Better algorithm on prime numbers

Question

I'm working on a program which will found the nth. prime number. For example, By listing the first six prime numbers: 2, 3, 5, 7, 11 and 13, we can see that the 6th prime is 13. I'm trying to making an algorithm, like, if I want to see 50th prime, I will add 1 to ends of the range() function. I'm using this algorithm to find primes at the moment;

cnt = 1
print (2)
for x in range(3,40,2):
    div = False
    for y in range(2,round(x**0.5)+1):
        if x%y == 0:
            div = True
    if div == False:
        print (x)
        cnt += 1

print ("\nThere is {} prime numbers.".format(cnt))
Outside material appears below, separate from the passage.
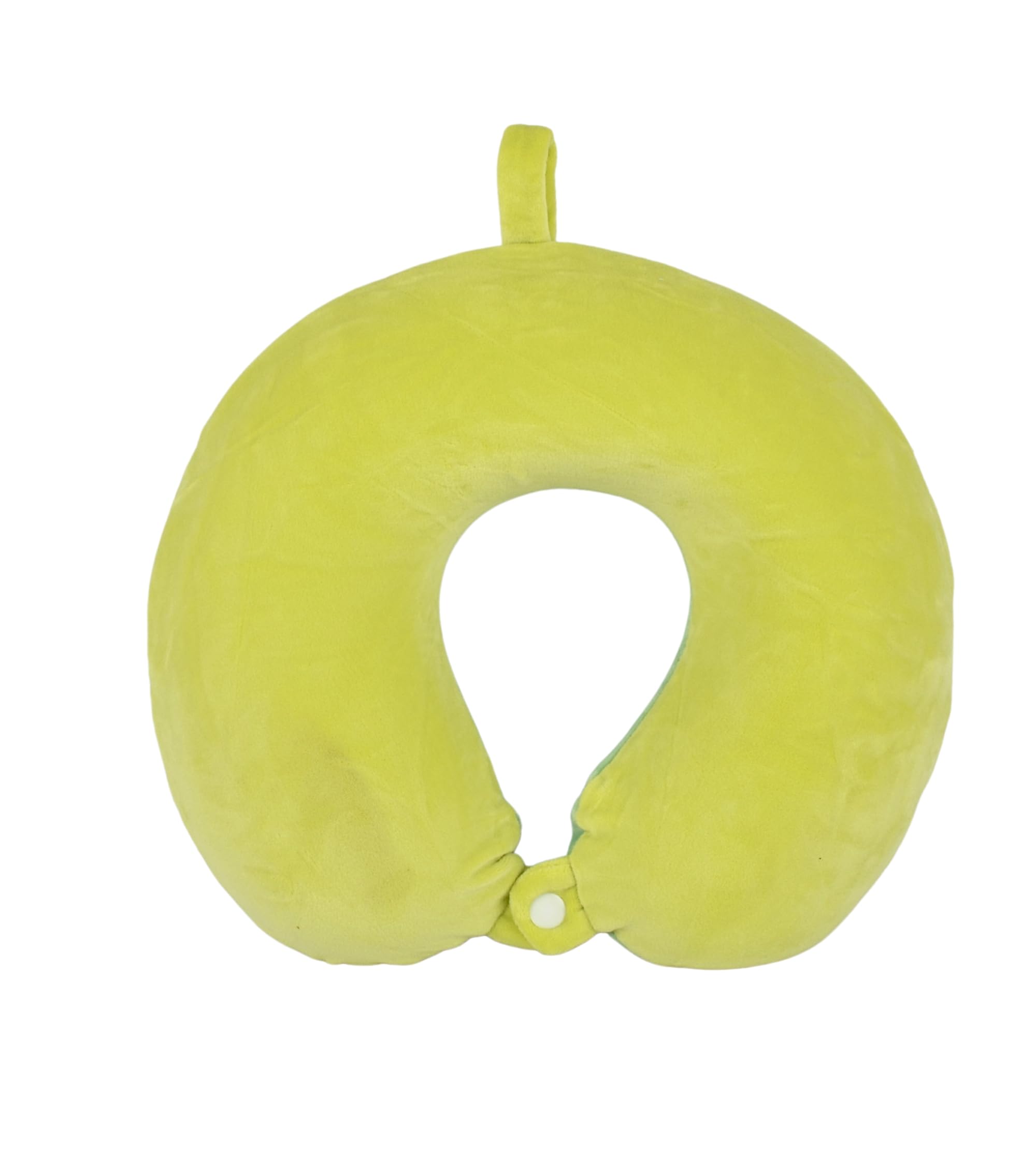 Cushy® Travel Neck Pillow with 360-Degree Head Support - Memory Foam Luxury Soft Pillow for Sleeping Rest - Home Travel Airplane Car - Smiley Printed, Green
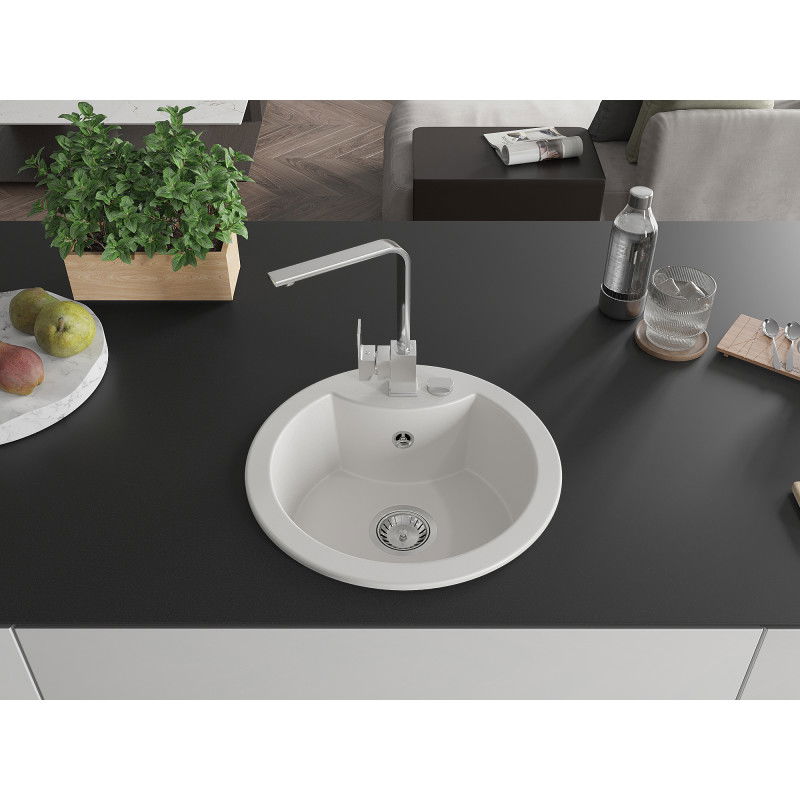 Mexen Diego granitový dřez, 1-komorový s kuchyňskou baterií Rita, bílý - 6512-20-670300-00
You see that, I put 40. But I want to put n there, so for example, untill reaching the 50th prime, add +1 to n. But it's not going to like that, if I tried something like;

cnt = 1
n = 40 #example
while cnt<50:
    for x in range(3,n,2):
        #codes
    if div == False:
        n += 1

I thought when the program finds a prime, it will add +1 to n and while loop will process untill find the 50th prime. But it didn't, primes are wrong if I use this one also, nothing relevant what I want to do.

How to make this algorithm, obviously changing the last element of range() function does not working.
Is there better/elegant algorithm/way? If I want to find 200.000th prime, I need faster codes.
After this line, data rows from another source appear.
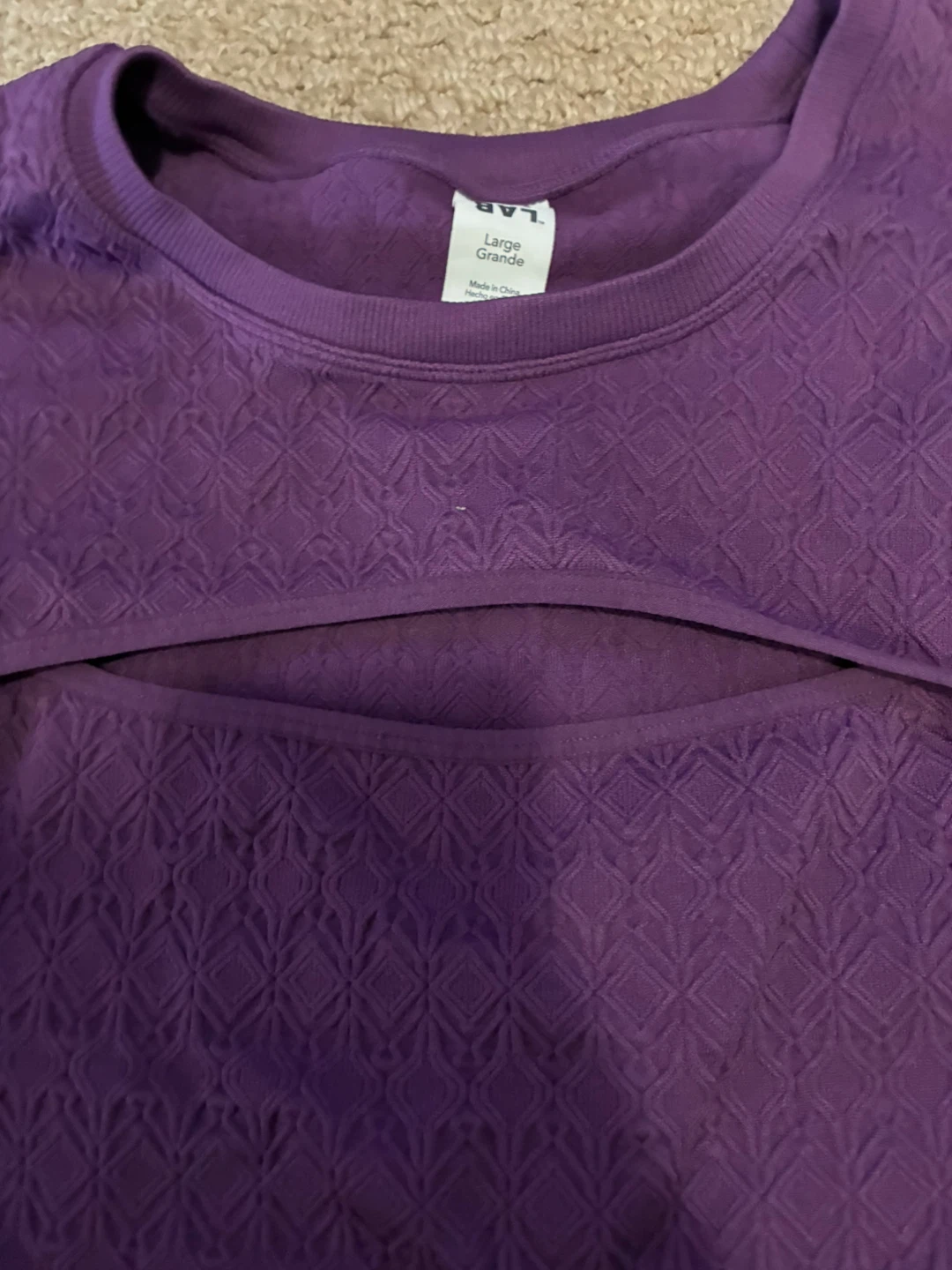 Joy Lab Purple Long Sleeve Cutout Top - photo 3
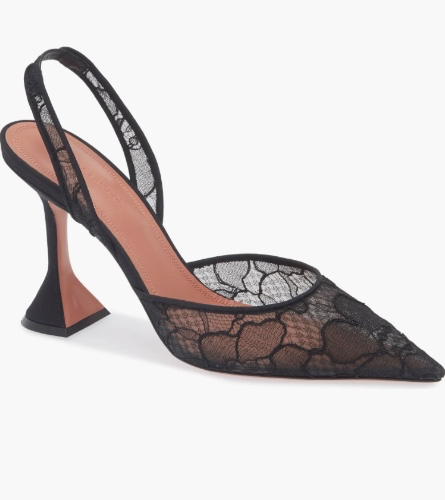 Amina Muaddi Lace Slingback Pump
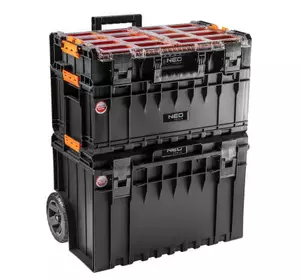 Ящик для инструментов Neo Tools модульная система, на колесах, 2 бокса+органайзер (84-278)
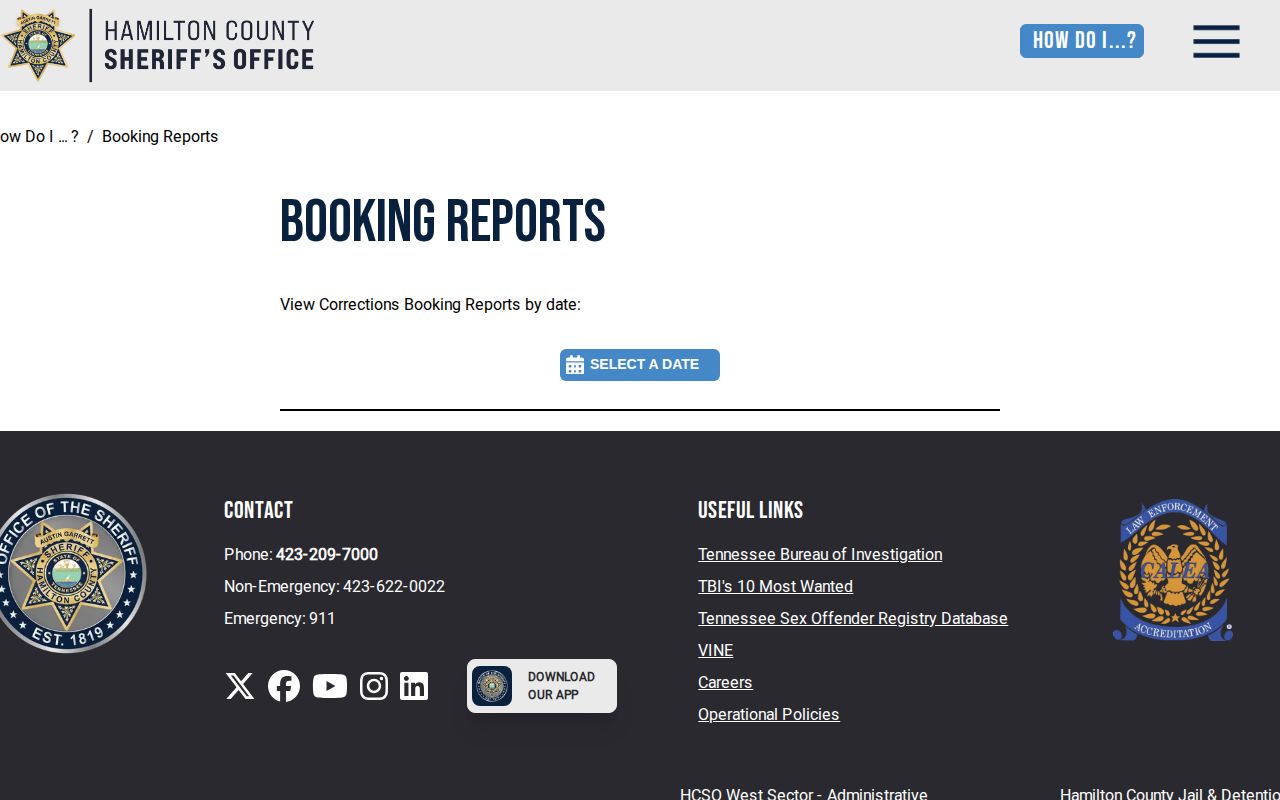 Hamilton County official recent arrest booking report date selector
Edit: I was working with lists first but, I got MemoryError all the time when working with big numbers. So I pass that and using a variable that counting how much primes are there cnt.
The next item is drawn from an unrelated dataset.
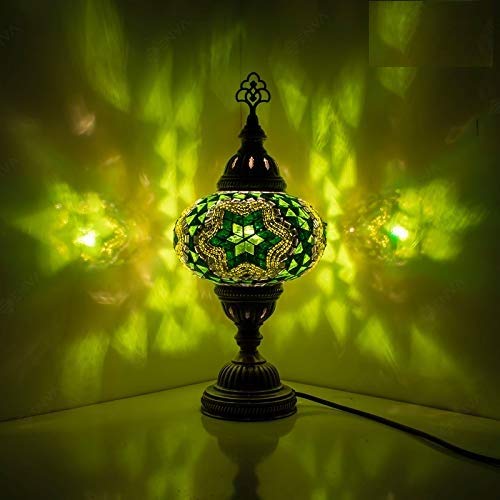 Turkish Moroccan Style Mosaic Multicoloured Desk Table Lamp, Bronze Base, Unique Light Large Globe (Green Star)
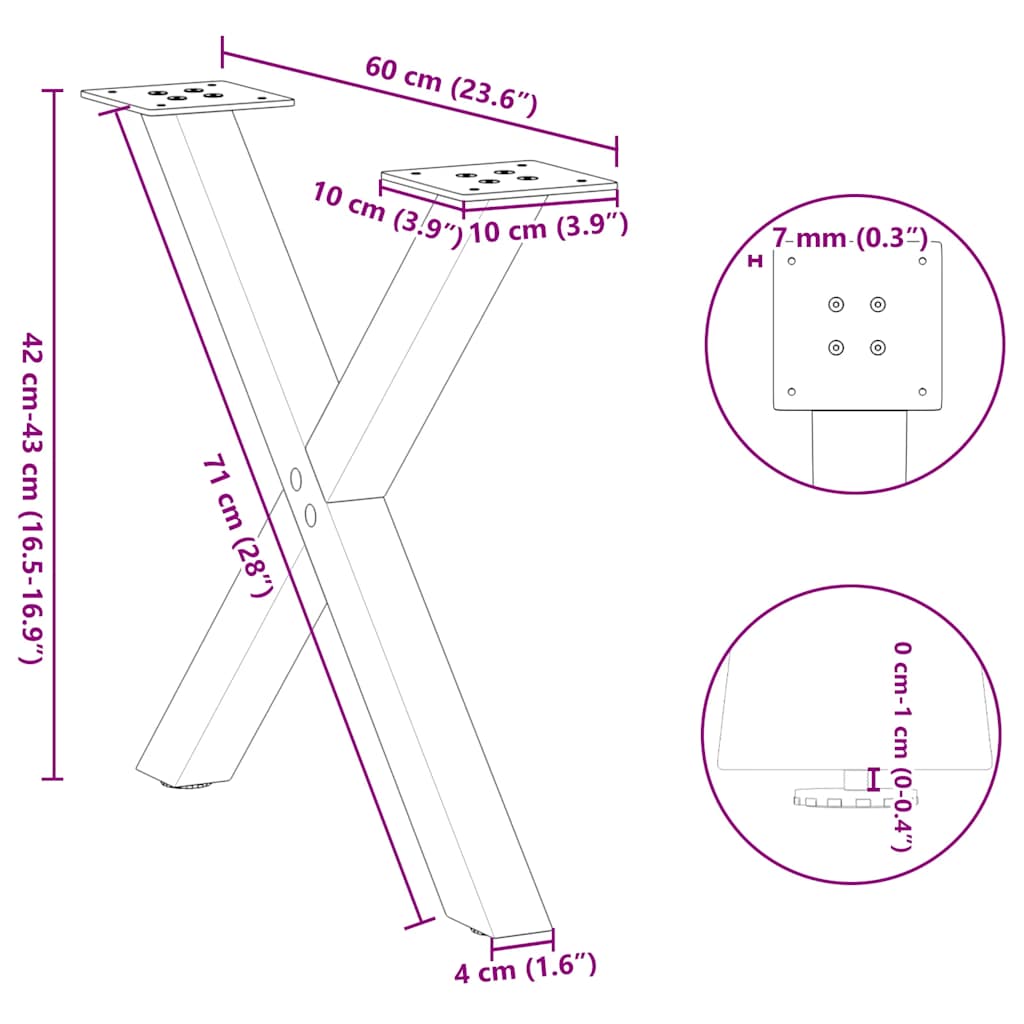 vidaXL Nogi do stolika kawowego w kształcie litery X 2 szt. Czarne 60x(42-43) cm Stal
In terms of better algorithm, you can use a [Sieve of Eratosthenes](http://en.wikipedia.org/wiki/Sieve_of_Eratosthenes) inside the range given in [this math.SE answer](http://math.stackexchange.com/a/1259) — Sinkingpoint, Feb 03 '15 at 23:46
@Quirliom Thanks for your comment, _Create a list of consecutive integers from 2 through n: (2, 3, 4, ..., n)._ as you see on this rule, _create a list_ , which will throw a MemoryError when working with big numbers, that's why I pass working with lists. — GLHF, Feb 03 '15 at 23:51
You shouldn't be hitting memory errors at <10**8 - how much free ram do you have? — user3467349, Feb 03 '15 at 23:53
@user3467349 I always got that error if I append a big number to a list, I don't know why actually. Around 4-5GB I think. — GLHF, Feb 03 '15 at 23:54
It's because of https://docs.python.org/2/library/sys.html#sys.maxsize — user3467349, Feb 03 '15 at 23:56
I assume there's a `cnt += 1` in your second code snippet that has been left out? — Joel, Feb 03 '15 at 23:57
@Joel I didn't write that on second code because I just want to show what was my logic, but `cnt` counting how much primes are there — GLHF, Feb 03 '15 at 23:58
17984? it should be fast to do even iterating with small numbers. — user3467349, Feb 04 '15 at 00:04
Just a quick note that I updated my answer to include a test that I neglected. Now it stops testing once it reaches a prime greater than sqrt(candidate). This is a test you had in your code that I neglected to include. — Joel, Feb 04 '15 at 13:27

Joel · Accepted Answer · 2015-02-04T21:11:01.213

3

Here is a much faster version

primes = []
primecount = 0

candidate = 2
while primecount<50:
    is_prime = True
    for prime in primes:
        if candidate%prime == 0:
            is_prime = False
            break
        elif candidate < prime**2:
            break
    if is_prime:
        primes.append(candidate)
        primecount += 1

    candidate += 1
print primes[-1]

note small edit adding the candidate<prime**2 test that OP included but I neglected initially.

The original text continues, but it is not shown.